We dug a pondle by accident last weekend – we were arguing stupidly about the rhubarb (a sign that perhaps I should have asked rhubarb permission after all) and at the end of the argument we were left with six correctly planted rhubarbs, several bruised egos and a surplus hole. I had read about clay puddling – if you are stuck in bed for months on a clay seam you will inevitably read about clay puddling at some point – so we started sifting through the excavation pile with frozen hands, feeling for those heavier, stickier lumps that could be clay. Then we puddled the thing, stamping and laughing red-cheeked in our wellies like a bunch of toddlers, and did a very bad job. It held water for two days and then drained out the sides, leaving only the bottom four inches or so where we had concentrated on the puddling properly. So we must repuddle, it seems, next time my legs are up for it, and I don’t mind even though it’s cold and soggy work. There’s something magical about finding clay in the ground, even when you’ve known you were technically “on clay” as long as you’ve known anything about the place. Of course I know clay comes from the ground, but does anything really come from the ground these days? Everything seems to come from shops, wrapped in plastic.
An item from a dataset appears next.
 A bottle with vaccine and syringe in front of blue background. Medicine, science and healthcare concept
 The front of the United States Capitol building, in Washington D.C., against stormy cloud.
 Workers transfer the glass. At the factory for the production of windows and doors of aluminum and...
Imbolc is this weekend, the festival of Bríd and the very first stirrings of spring, though I think of it as still being very firmly winter so I don’t feel nervous yet. I have been doing Imbolc – doing pagan things in general – for a few years now, but this is my first year making an altar. I think I always felt silly about it, in the same way I might have at one point felt silly playing music for a tree. Not much makes me feel silly now; being very sick is humbling that way. Having an altar has been… life-altar-ing (sorry). My altar has candles and ivy and pinecones and my horn spoon from the Isle of Uist and a pearl circlet that I just made the other day3. I made a mailbox out of a nutritional yeast container so that we can leave messages for the season, ideas for winter to sow in its frozen ground so that hopefully they can germinate later in the year. Me, nettle and our friend Clover also drew winter wildflowers and mounted them on cards to display.
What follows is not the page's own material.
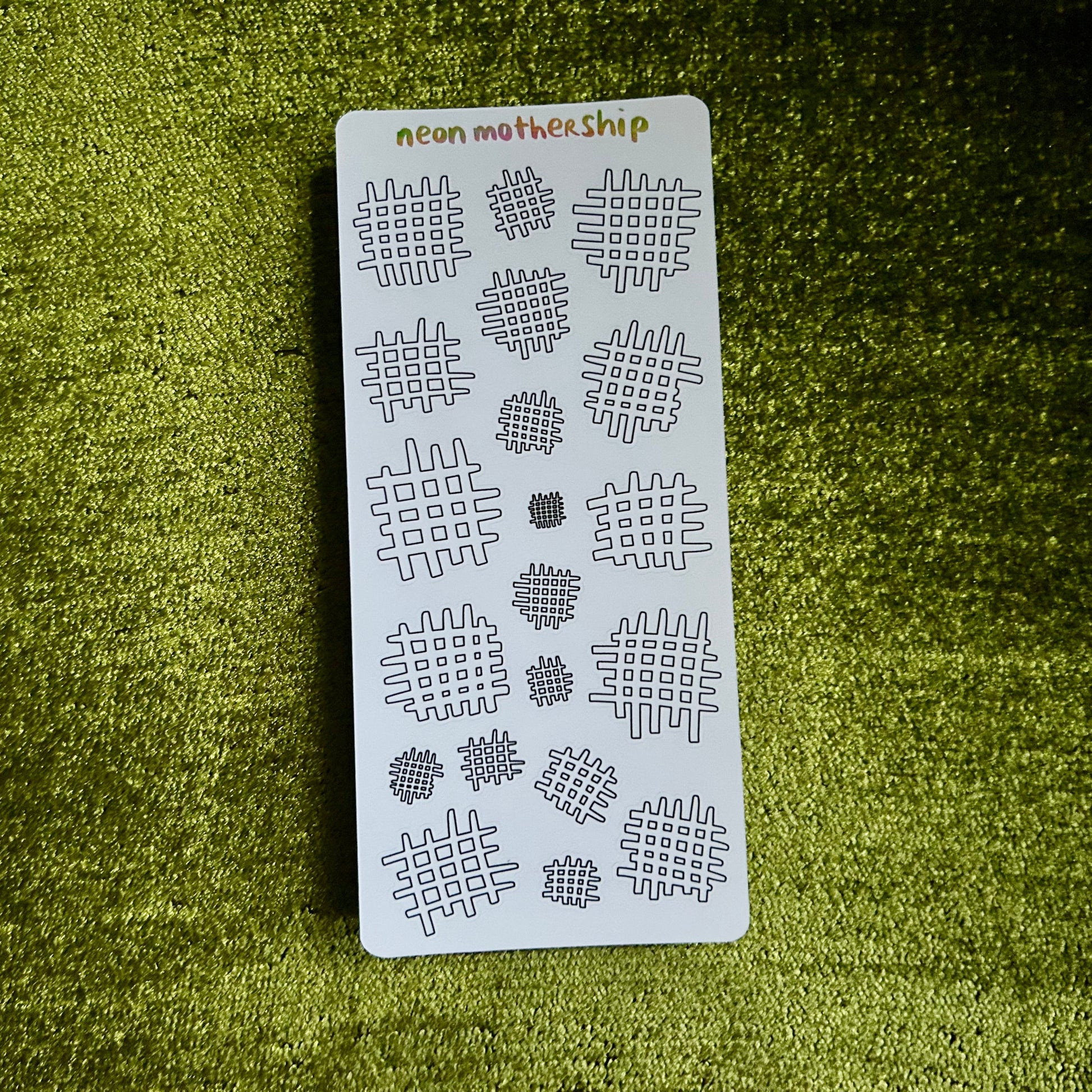 Sheet of stencils with '#' pattern on a green textured surface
Our altar is next to where we keep our instruments, which means I can sit by it in the dark and play my bodhrán while all of the other instruments resonate strangely along with me, creating the same sort of ghostly murmur that one gets in a good church4. Bríd was supposedly into poetry and so are we5 so every year on Imbolc we read and recite poems with our feast, and this year I have also been writing scraps of poems on bits of paper and adding them to my altar. It feels great to have an obvious way to elevate things I like to the realm of the sacred. Even if you aren’t into poetry, I bet there’s something you are devoted enough to to be worth having an altar for it. Devotion is somewhat unfashionable in this day and age but I think it’s cool.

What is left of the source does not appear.